Function Usage Scenarios
- When a new task is created and you want to process historical data, you can use the data backfilling function to select a historical time period to execute the task;
- If there is a problem with the data or the task is abnormal during a certain period, you can use data backfilling to regenerate and execute instances of the historical abnormal data or task to achieve the purpose of repairing historical data.
Product Operation
Step 1: Create a Backfilling Data Task
- Click on the left navigation Operations Monitoring -> Task Operations, select the Periodic Task Tab. Choose any of the periodic tasks under management, click on Operation - Data Supplement, and enter the data supplement operation interface.

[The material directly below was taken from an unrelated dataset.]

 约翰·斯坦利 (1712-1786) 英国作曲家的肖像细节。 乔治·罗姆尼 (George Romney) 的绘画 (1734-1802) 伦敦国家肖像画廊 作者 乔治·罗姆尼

- Configure the corresponding operations for the data supplement task
-
Task Name: System default name, user input is not supported for now
-
Select the task nodes included in the data supplement task
- Include current node: Users can choose whether to check the current task to participate in the data supplement based on actual needs.

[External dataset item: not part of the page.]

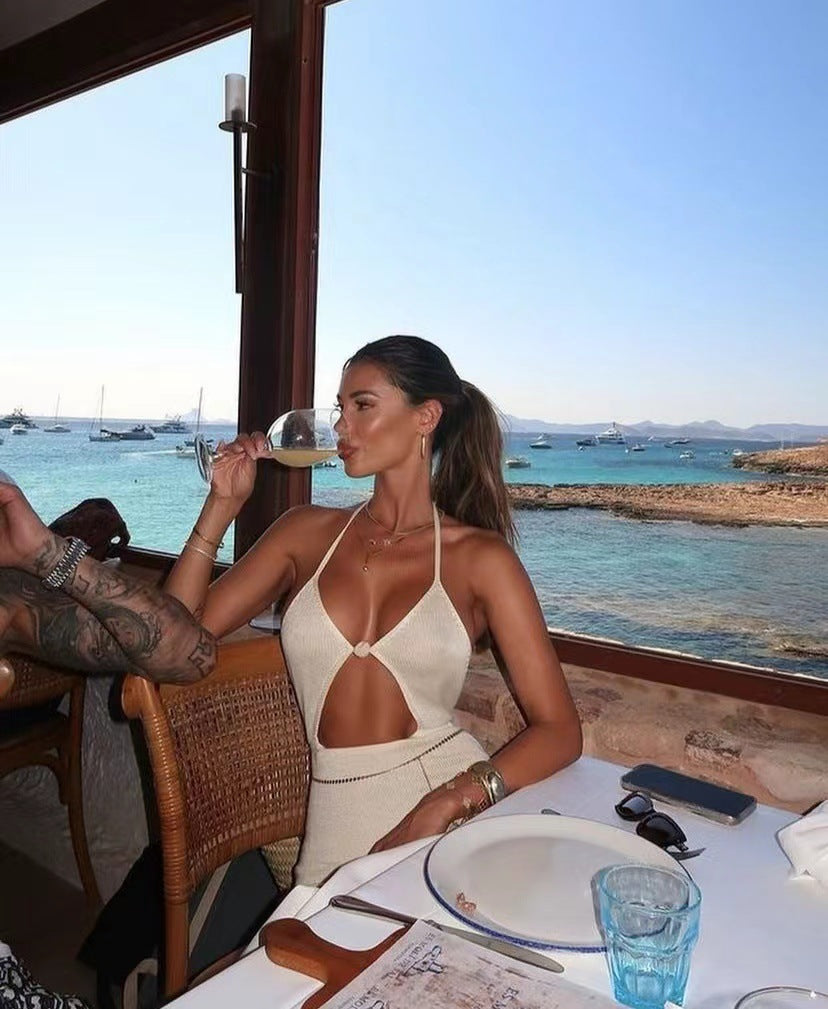 Dame Cut-Out strandkjole i Boho-stil med bindebånd Stilla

- Include downstream nodes: Users can check the downstream task links that need data backfilling based on actual needs. It supports three options: no selection, select all, and custom selection range.
-
Task scheduling time range: When creating a data supplement task, it supports adding multiple planned execution time ranges to solve the scenario of wanting to supplement multiple non-continuous times. Currently, it supports adding up to 4 planned execution time ranges. Users are not allowed to select overlapping times.
-
Concurrency settings: Indicates that when supplementing data for multiple consecutive periods, if the concurrency number is met, multiple period instances can run simultaneously, which can improve the efficiency of data backfilling but will also consume more resources.
- After enabling concurrent execution, the system will by default attach self-dependency to task instances allocated within the same concurrency group.

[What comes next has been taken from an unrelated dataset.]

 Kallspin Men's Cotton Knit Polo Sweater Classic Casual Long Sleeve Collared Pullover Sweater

Step 2: View the Backfilling Data Task
-
Click on the left navigation Operations Monitoring -> Task Operations, select the Data Supplement Task Tab.
-
Basic Information: Includes concurrency group, target task ID, task name, workspace, whether it includes downstream, status, execution order, task scheduling time range, submission time, submitter, etc.
-
Statistics Chart:
-
Global Statistics: You can see the total number of all times included in the current data supplement task and give the execution status based on the day granularity.
-
Effect Chart by Granularity: Provides data statistics at year/month/day granularity. Clicking on the statistics chart will link to the instance list below.
-
Year View: Hovering over the date shows the execution status of that day;
-
Month View: You can see the total number of instances to be executed on that day in the month view, and hovering over the calendar shows the execution status summary;
-
Day View: Supports switching between day/1-hour granularity, showing the average execution time of instances under different aggregation granularities.
-
- Instance Statistics List: By default, it displays the information of all execution instances under the current data supplement task according to the planned time. Clicking can jump to the instance execution details page to view dependency relationships and other details.